DATA FOR ANALYSIS:
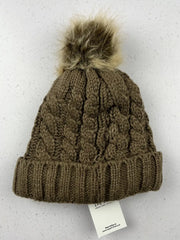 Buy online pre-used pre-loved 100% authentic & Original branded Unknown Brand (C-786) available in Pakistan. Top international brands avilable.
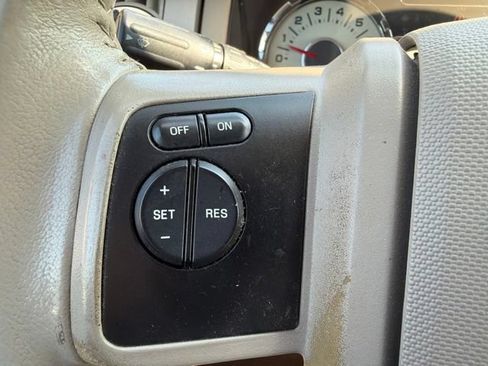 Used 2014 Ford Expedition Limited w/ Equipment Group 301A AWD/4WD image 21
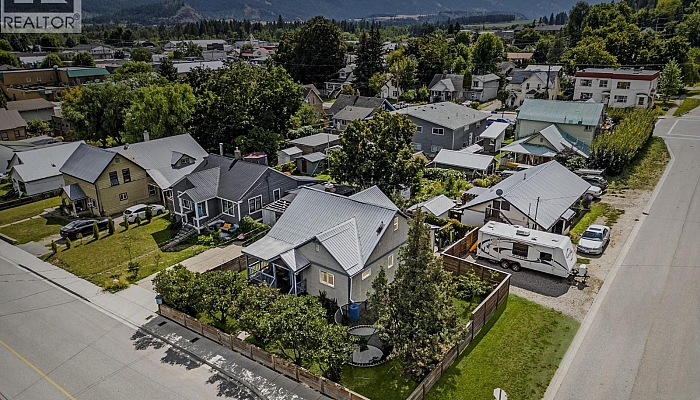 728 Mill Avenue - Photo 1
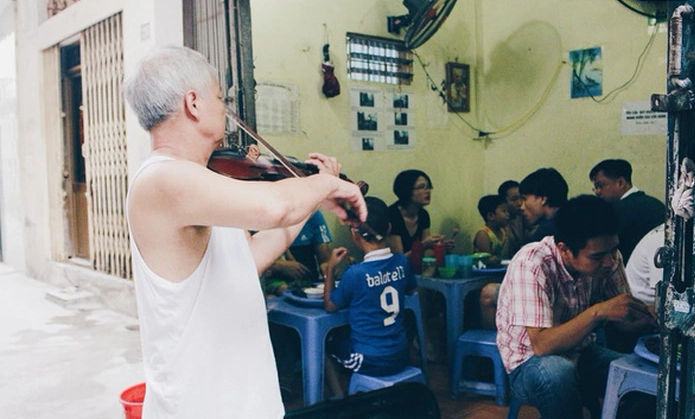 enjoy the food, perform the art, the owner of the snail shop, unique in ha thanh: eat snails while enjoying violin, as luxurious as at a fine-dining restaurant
---
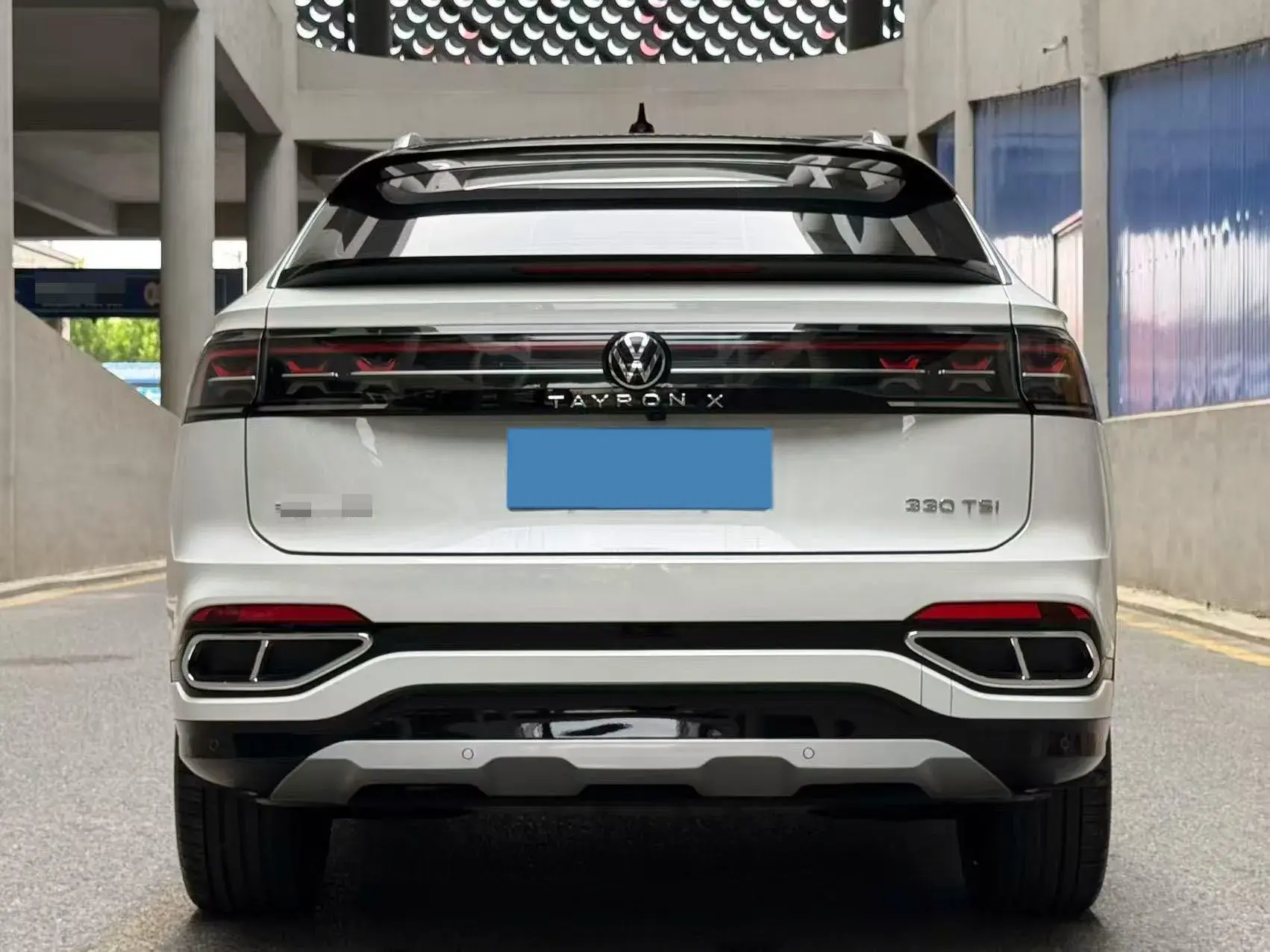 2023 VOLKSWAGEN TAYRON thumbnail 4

BRIEF:
Print the part of the listing above that opens with the line containing "Buy online pre-used" and closes with the line containing "enjoy the food, perform". Copy it exactly, both ends included, and omit the pictures.

REPLY:
 Buy online pre-used pre-loved 100% authentic & Original branded Unknown Brand (C-786) available in Pakistan. Top international brands avilable.
 Used 2014 Ford Expedition Limited w/ Equipment Group 301A AWD/4WD image 21
 728 Mill Avenue - Photo 1
 enjoy the food, perform the art, the owner of the snail shop, unique in ha thanh: eat snails while enjoying violin, as luxurious as at a fine-dining restaurant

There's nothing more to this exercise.